Central Tendency

Describing the dataset

Mahesha Godekere Central Tendency

Central tendency is "the statistical measure that identifies a single value as representative of an entire distribution". It aims to provide an accurate description of the entire dataset. It is the single value that is most representative of the dataset.

The mean, median and mode are the three commonly used measures of central tendency.

  1. Mode: is a value/range that occurred with the highest frequency.
  2. Median: is the number that lies in the middle of a list of ordered numbers. The numbers may be in the ascending or descending order. such that there is an equal probability of falling above or below it. Simply put, it is the middle value in the list of numbers.
  3. Mean: arithmetic average of a range of values or quantities, computed by dividing the total of all values by the number of values.

1. Mode

Mode is a value/range that occurred with the highest frequency.

Mode Characteristics

a. Uniform Distribution: NO MODE.

b. Distribution can have two modes like in "Foot Size" distribution for Men and Women has TWO modes, one for Men "Foot Size" and another for women. The distribution is a bimodal distribution.

c. Modes can be used to describe both catagorical and numerical data.

d. All scores in the dataset DOESNOT affect the mode. In the sense, if a new outliner value is added to the dataset, there is no influence on the mode value of the dataset.

e. Samples from the population WILL have DIFFERENT modes or NO mode depending on the sample values.

f. There is NO equation for the mode.


2. Median

Number that lies in the middle of a list of ordered numbers. The numbers may be in the ascending or descending order such that there is an equal probability of falling above or below it. Simply put, it is the middle value in the list of numbers.

For even samples : \( \begin{equation} Median = \frac{X_\frac{n}{2}+ X_{\frac{n}{2}+1}}{2}\end{equation} \)

'X' is the sample in sample space
'n' is the number of samples in sample space

For odd samples : \( \begin{equation} Median = X_{\frac{n+1}{2}}\end{equation} \)

'X' is the sample in sample space
'n' is the number of samples in sample space

Median Characteristics

a. All scores in the dataset DOES NOT affect the median. In the sense, if a new outliner value is added to the dataset, effectively there is NO change in the median value of the dataset.

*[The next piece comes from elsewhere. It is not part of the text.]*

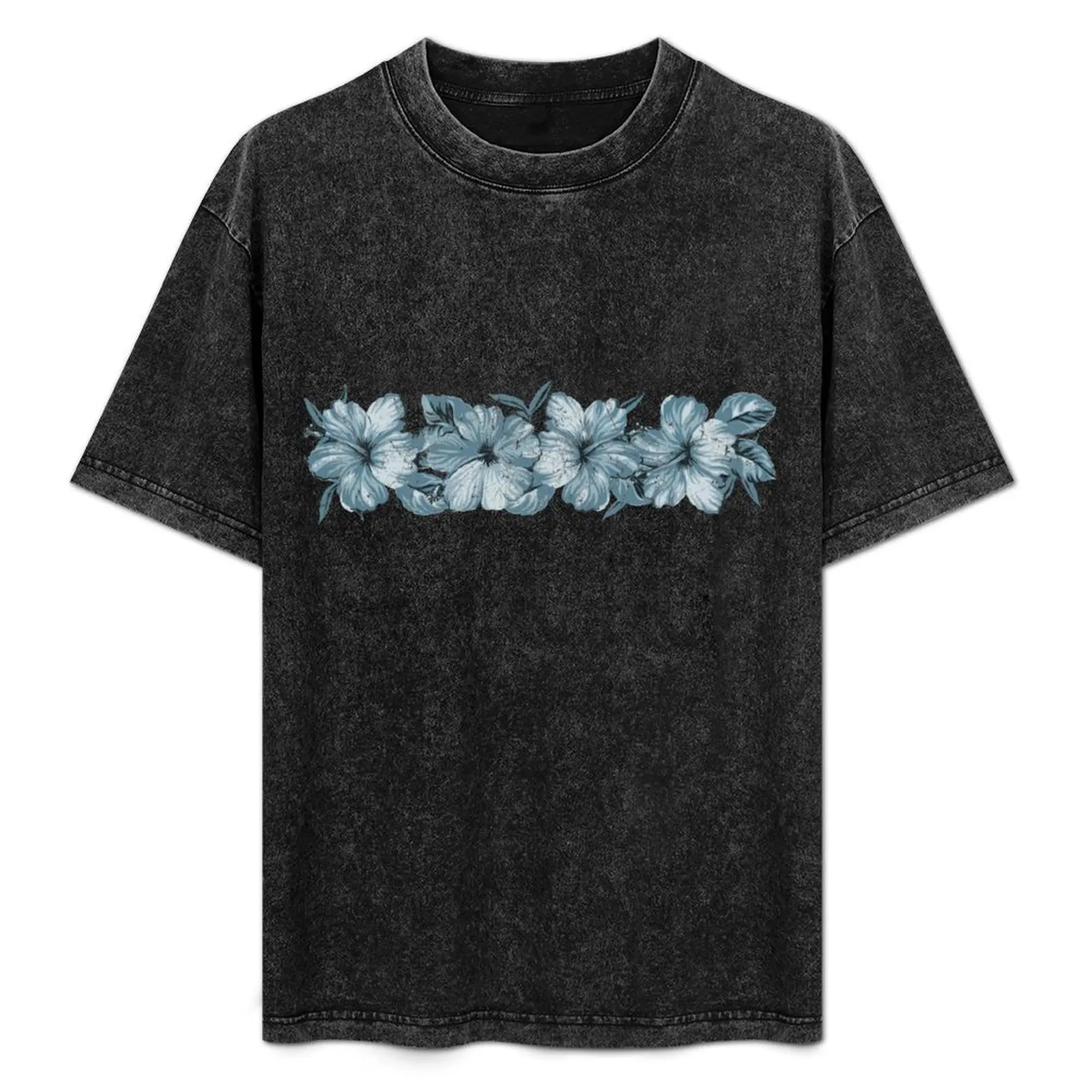 

Lanai Distressed Hawaiian Hibiscus - Steel Blue T-Shirt Festival Short Sleeve T-Shirt
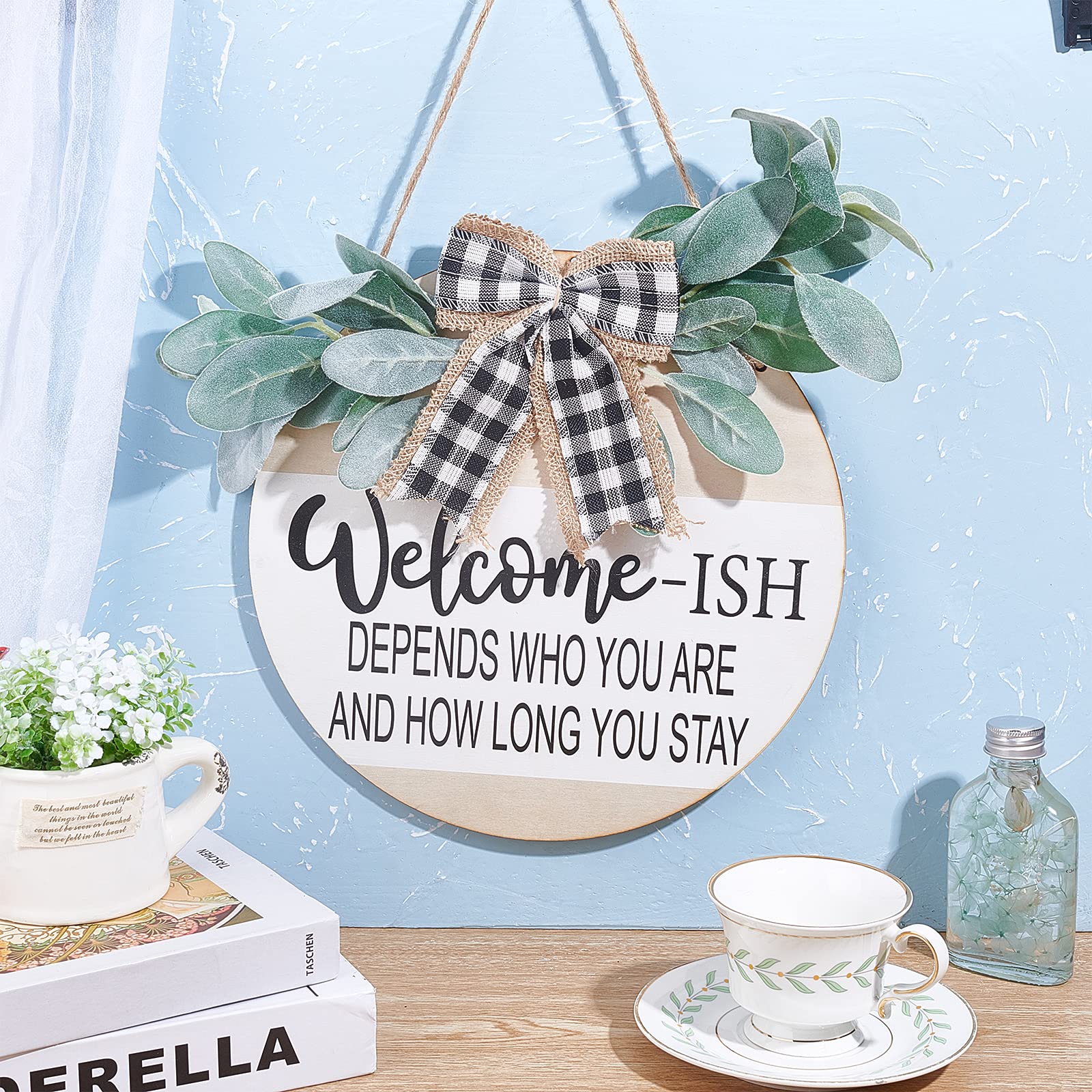 SUPERDANT Welcome-Ish Bowknot Cartello di Benvenuto Retro In Legno Piatto Rotondo Appeso Placca Rustica Naturale Decorazioni Da Parete per Casa Casa Colonica Porta D'Ingresso Decorazioni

b. The Median is robust in representing the the central/middle of the sample/population space. This is because outliners will have very less effect on median .

c. Samples from the population WILL have DIFFERENT medians as middle of a list of ordered numbers might vary between sample spaces of a population.


3. Mean

Arithmetic average of a range of values or quantities.

Sample space Mean: \( \begin{equation} \bar{x}=\frac{1}{n}\sum_{i=1}^n x_i\end{equation} \)

'n' is the number of samples in sample space
\( \begin{equation} x_i\end{equation} \) is the ith sample space value

Population Mean: \( \begin{equation} \mu=\frac{1}{N}\sum_{i=1}^N x_i\end{equation} \)

'N' is the number of samples in population space
\( \begin{equation} x_i\end{equation} \) is the ith population space value

Mean Characteristics

a. All scores in the dataset DOES affect the mode. In the sense, if a new outliner value is added to the dataset, effectively there is a change in the mean value of the dataset.

b. Mean of the sample can be used to make inferences about the population it came from.

c. The Mean can be misleading if the datasets has outliners. This is because outliners creates skewed distribution by pulling the mean towards outliners. This makes the mean lot less representative of middle of the data.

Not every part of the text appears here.